On June 25, the 10th Ebola outbreak was officially declared over. It was the second worst Ebola outbreak in recorded history, with more than 2,200 lives lost and 3,400 confirmed infections since the first few cases of the epidemic were verified on Aug. 1, 2018, in the eastern region of Kivu in the Democratic Republic of the Congo (DRC). The severity of the outbreak was compounded by a combination of factors. The efforts to fight the epidemic were impeded by the distrust of locals, an internal power struggle within the DRC government, attacks on health facilities, and the military conflict that has been going on since January 2015. The emergence of new hotspots in places already struggling with the world’s largest measles epidemic and the coronavirus pandemic made things worse. One of the largest hurdles in tackling the highly contagious virus was the misinformation spread about the disease and its treatment. As healthcare workers worked to contain the epidemic, rebel groups continued to attack Ebola treatment centers, burning down buildings and emergency vehicles. The situation deteriorated to the point that aid agencies such as the United Nations Children’s Fund and Doctors Without Borders were forced to evacuate the teams on the ground and suspend further medical treatment. According to the World Health Organization (WHO), there were 420 attacks on health facilities, which resulted in 11 deaths and 86 injuries. Locals were wary of officials and the humanitarian agencies brought in to contain the outbreak. Some believed them to be profiting off the disease.
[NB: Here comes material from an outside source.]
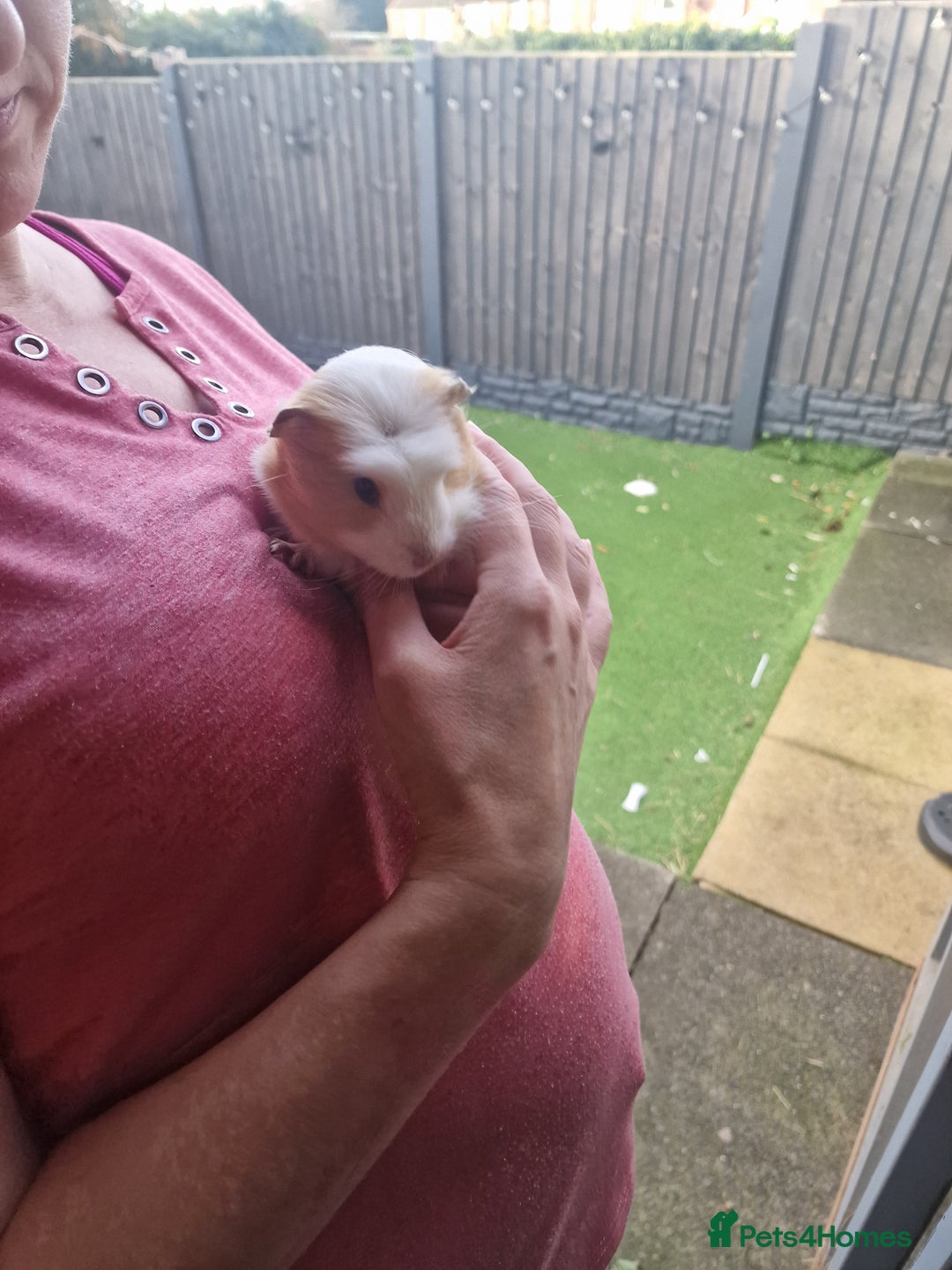 Guinea Pig rodents for sale: guinea pigs available  - Advert 6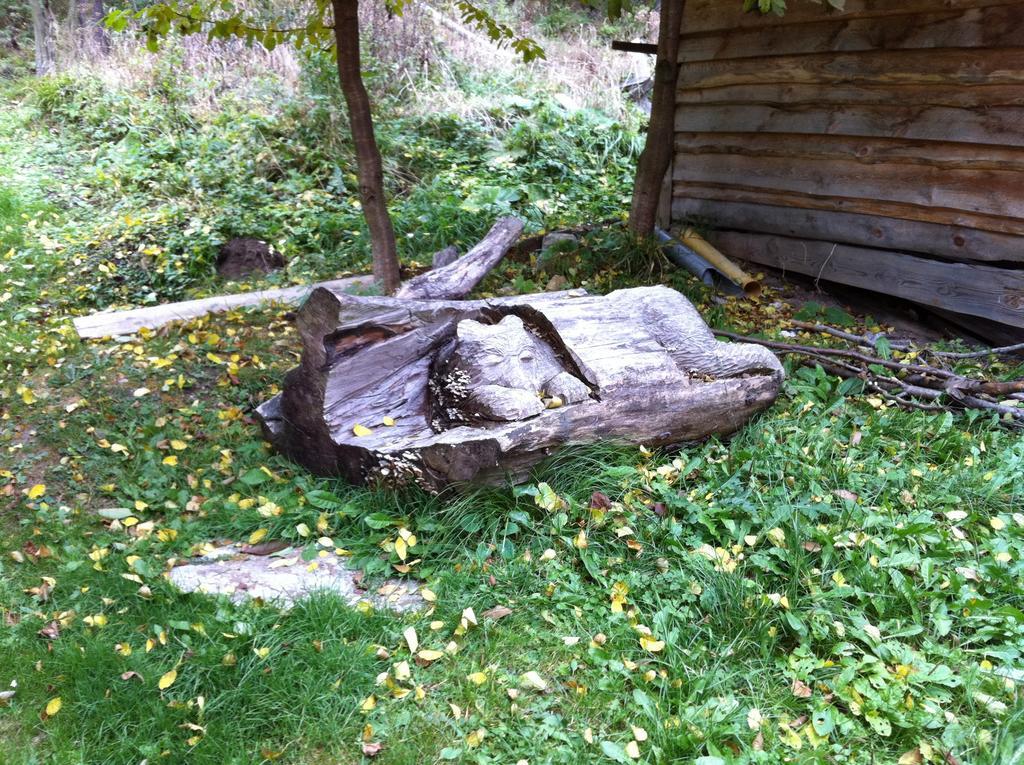 Chata Devena Valča Rom bilde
Many opted to stay away from medical centers, as they believed the disease was a hoax, which only complicated the efforts to trace or treat it. It was only after the agencies learned to work with the community members that real results were made. According to Dr. Moeti from the WHO, this difficulty reemphasized a valuable lesson on the need to engage with, work with, and support communities when treating epidemics. Technological innovations, such as the secure “CUBE” emergency rooms, were instrumental in ending the outbreak. New treatments also played a critical role. A vaccine called Ervebo, a product of the American pharmaceutical company Merck, was proven to be successful. Despite the devastation wrought by the outbreak, it has been educational for the DRC. A large chunk of the public health measures utilized during the 10th outbreak is now essential for curbing COVID-19 and other Ebola outbreaks.
Yesel Kang For The Teen Times
1. How many people lost their lives due to the 10th Ebola outbreak?
2. What impeded the efforts to fight the epidemic?
3. Which vaccine was proven to be successful?
1. Can you summarize the article?
2. Why do you think the locals had a lot of distrust?
3. What do you know about Ebola in general?
4. What similarities do you see between Ebola and the coronavirus?